Extracting an image of the goal in each video frame

4 minute read

My initial working assumption was that I could exclude the part of finding the exact location of the goal/canvas in each frame as

  1. it is of secondary importance to the main problem of approximating the hit time,
  2. surely, it can be done given that one spends time on the problem, and
  3. I could use a manually positioned rectangular cropping area for each round of shots as both canvas and camera is stationary for each round, thus exluding most background interference.

Although (1) and (2) still hold, (3) barely even held for indoor sessions where most parameters were fixed for the recording duration and definitely does not hold for uncontrolled outdoor sessions. An underlying idea of using a canvas is to provide something flexible and portable for players, which comes with the side effect of less rigidity. On the other hand, few materials hold up to being hit by a hockey puck in full speed (even expensive match-quality hockey goals become dented) so non-rigid materials and mounting methods is also a way of handling this.

The problem, then, is to find a transformation matrix (a homography) that maps coordinates in the below canvas illustration to coordinates in an actual video frame.

The canvas we want to find. Personal illustration by author, September 2018.

In short, I use SIFT feature detection on both illustration and video frame to find keypoints that can be used to match the two. I then use a brute force matcher to find the set of most similar keypoints, which then is used to construct a matching homography matrix using RANSAC. Then this is used to construct a mask representing the corners of the canvas in order to extract only the part of the canvas representing the goal, with very little background visible.

The problem, like so often in computer vision, is that this does not work perfectly every time. A small fraction of the frames (out of thousands) has intermittent homographies suddenly jumping to something like the below (and then back again).

A non-optimal mapping between canvas coordinates and video frame coordinates (top) resulting in the masked image on the bottom. Personal illustration by author, November 2018.

One solution could be to use the average corner coordinates over a number of frames in order to even out the effects of these bad homographies. However, what if one frame was really bad, like shown below? Then instead of having one bad set of corner coordinates, all coordinates based on an average that included the bad frame would be poor.

A better solution seems be to use something like Kalman filtering for each corner, adjusting the parameters so the coordinates would adjust slowly and big jumps would be treated as sensor errors.
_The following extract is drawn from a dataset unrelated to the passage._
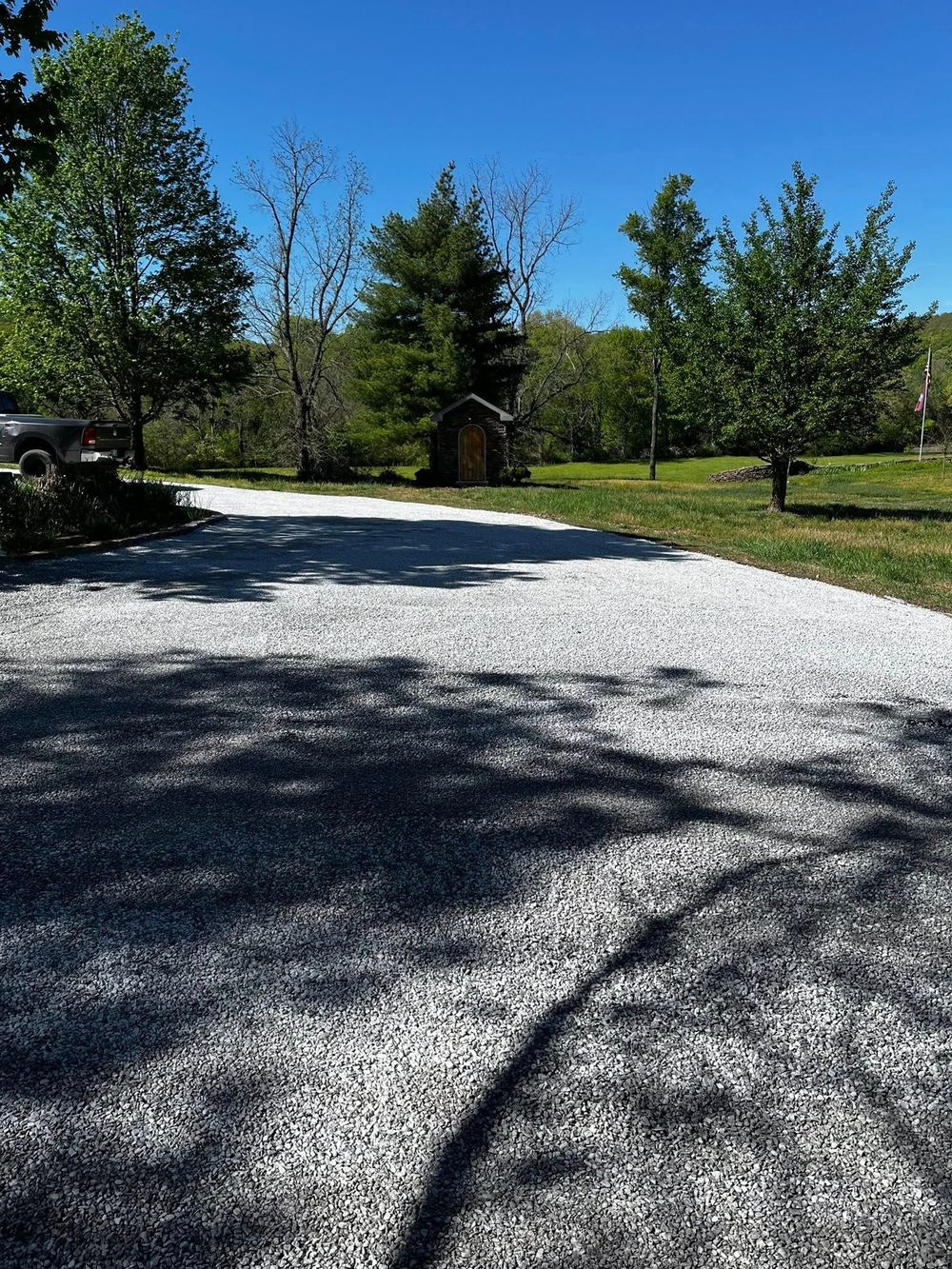 A gravel driveway with a car parked in the middle of it.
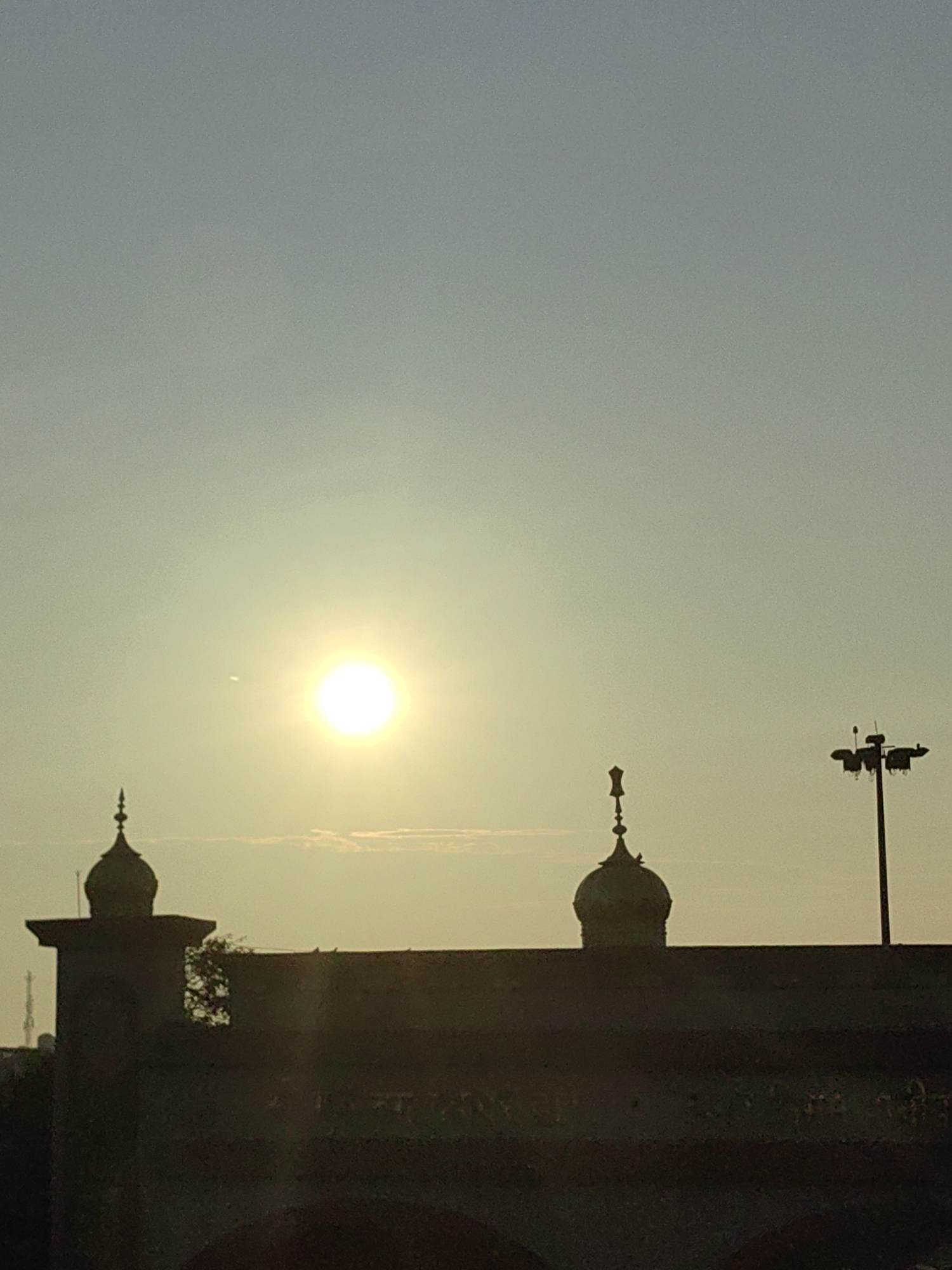 The image captures a silhouetted view of a structure, likely historical, against a hazy, pale blue sky. The sun is prominently visible, a bright, luminous orb in the upper left quadrant, casting a soft glow and creating a slight lens flare. The silhouette reveals architectural features characteristic of Islamic or Mughal design, specifically two onion-shaped domes topped with spires. These domes rise from a flat, dark structure that spans the lower portion of the image. To the right, a tall pole with multiple lamps is also silhouetted against the sky. The scene appears to be set in Panipat, India, a city known for its historical significance and architecture. The overall atmosphere is serene and contemplative, hinting at either dawn or dusk.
So I implemented this and let the kalman filtering run for six frames before using the homography to capture any example. I also reset the kalman filter after having processed each shot since the canvas could potentially be repositioned by the player in between each shot.

At first, this appeared to be a working fix but then I noticed that the initial frame was bad for a round (see below). This caused the starting points to be off and even though the Kalman filter slowly adjusted itself to a good representation of the canvas corners, it took much more time than the six frames I had alloted. Why not let it run 60 frames? Because calculating the homography based on SIFT and brute force matching is a choice of precision rather than processing time.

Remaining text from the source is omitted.